Builders vie to replace war-worn boats
Bullard is head of Navy Expeditionary Combat Command and oversees the progress of the reconstituted, conventional riverine force, which deployed its first squadron to Iraq in March. Stood up in a hurry, the force inherited 20 boats known as Small Unit Riverine Craft from the Marines.
But after years of hard use in desert combat, those boats are worn out.
“We don’t have a big stockpile of engines over there and guess what — these engines are old and they’re failing, so we are building engines in theater for the boats right now,” Bullard told an audience June 7 at the Multi-Agency Craft Conference, a boat show for the military in Little Creek, Va.
The riverine force has been upgrading its SURCs with new communications gear and other add-ons, but the Navy’s concept for its riverine and coastal warfare units goes far beyond current needs in Iraq and the Middle East.
When Navy leaders talk about the places NECC units will go — South America, Africa and other parts of Asia come up time and again — they invariably mention places with shallow water where the gray-hull Navy can’t operate.
And Bullard has said that means NECC will need more than one type of boat.

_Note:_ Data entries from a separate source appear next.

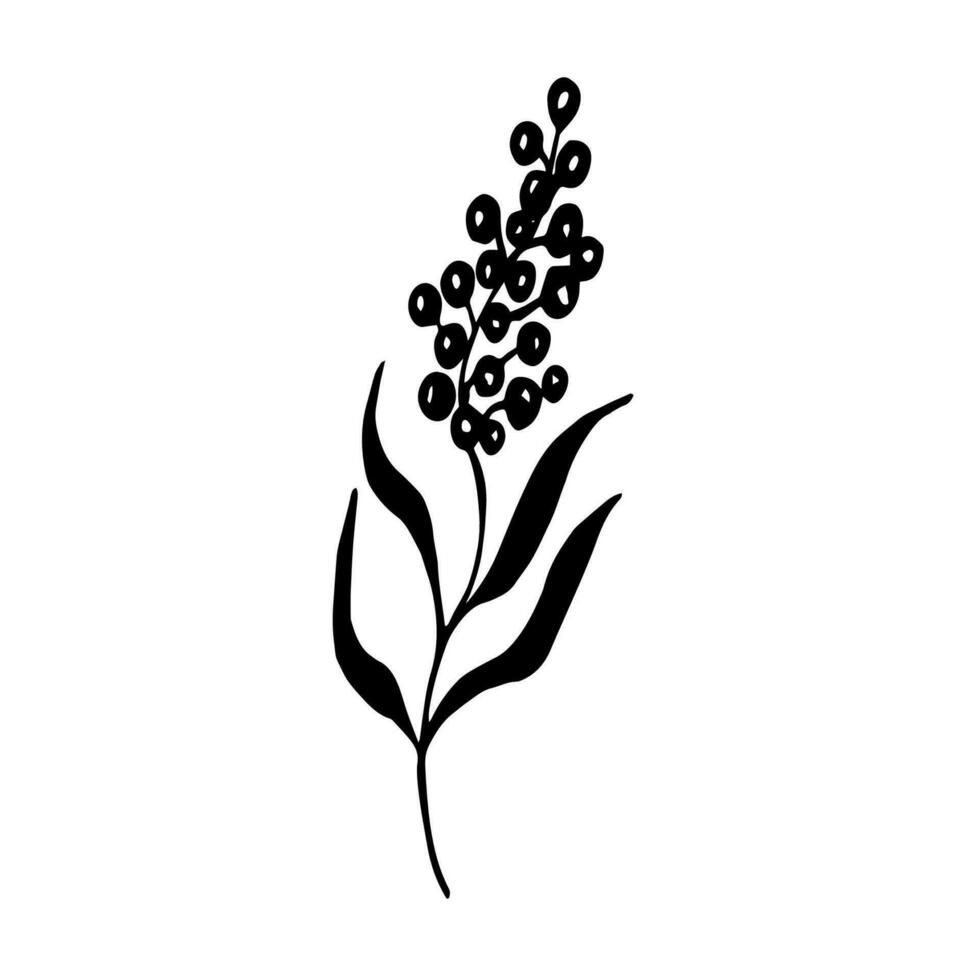 Twig silhouette grass with berries. Simple hand drawn illustration, doodle vector
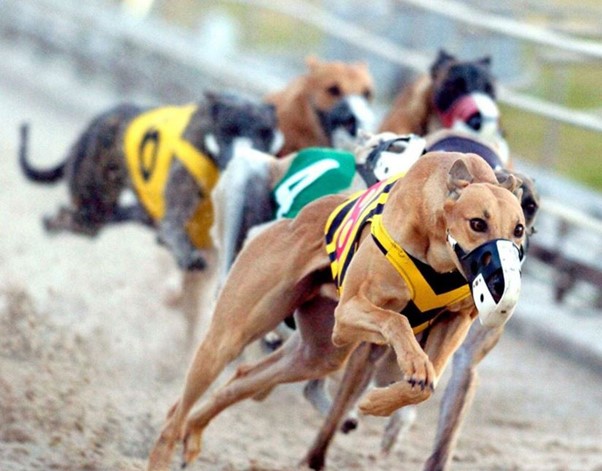 188bet cung cấp cược đua chó ảo chất lượng. Đua chó ảo và các thông tin chi tiết tại nhà cái 188bet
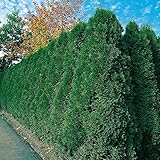 Thuja Smaragd Occidentalis - Lebensbaum winterhart & pflegeleicht - Thujen-Hecke als Sichtschutz - Heckenpflanze 20-30cm - 1 Pflanze im Topfballen von Garten Schlüter - Pflanzen in Top Q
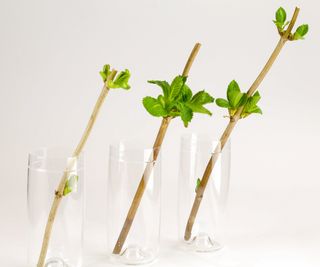 Three hydrangea cuttings in glasses of water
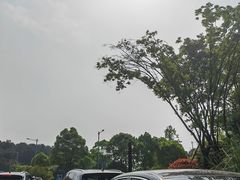 -铁山坪森林公园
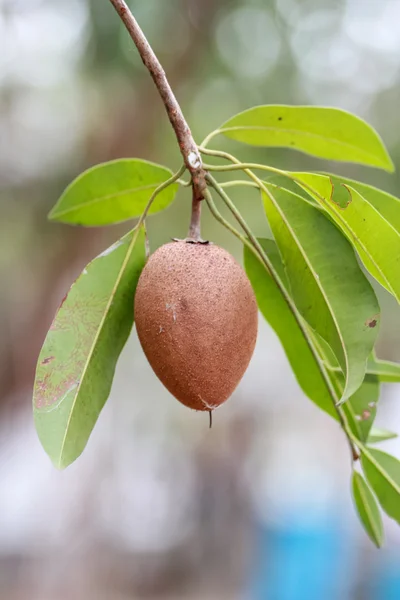 Fruta Sapodilla na árvore — Fotografia de Stock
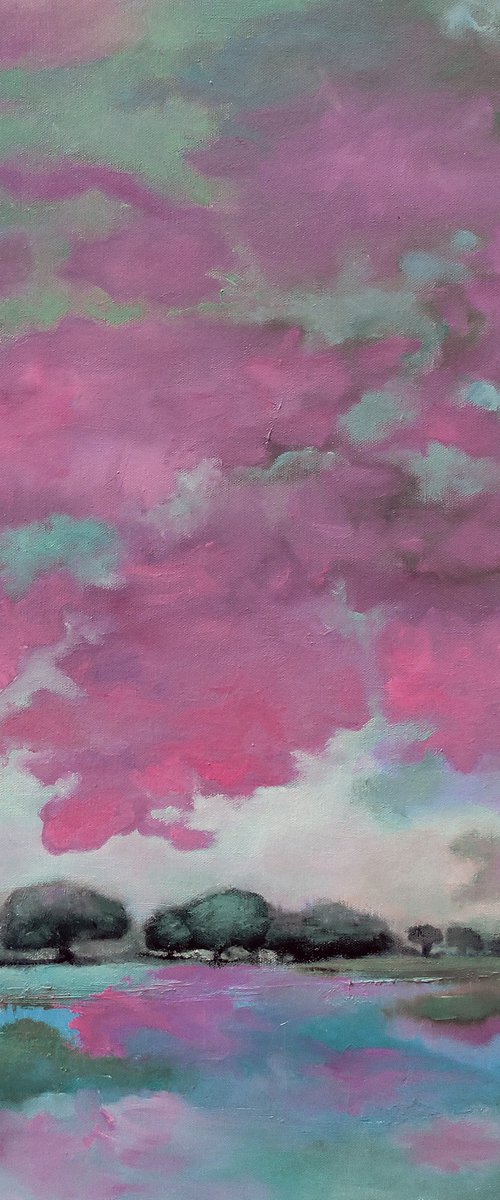 Clouds swimming. by Veta  Barker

A small boat such as the SURC, effective in constricted rivers, may not be the best vessel for big, wide-open rivers with strong currents.
He says his formula for the new boats must balance speed and agility, force protection, “accurate” firepower, and cost.
“If you’ve ever ridden a 30-knot boat in a 3g turn, holding a .50-cal., trying to shoot everything, it isn’t easy,” he said. “But if you stop, they’ve got a pretty good bead with an RPG that we don’t have.”
Vying to fill that need for the next generation of riverine combat craft are boatmakers and defense contractors who converged on Little Creek to show off the latest craft.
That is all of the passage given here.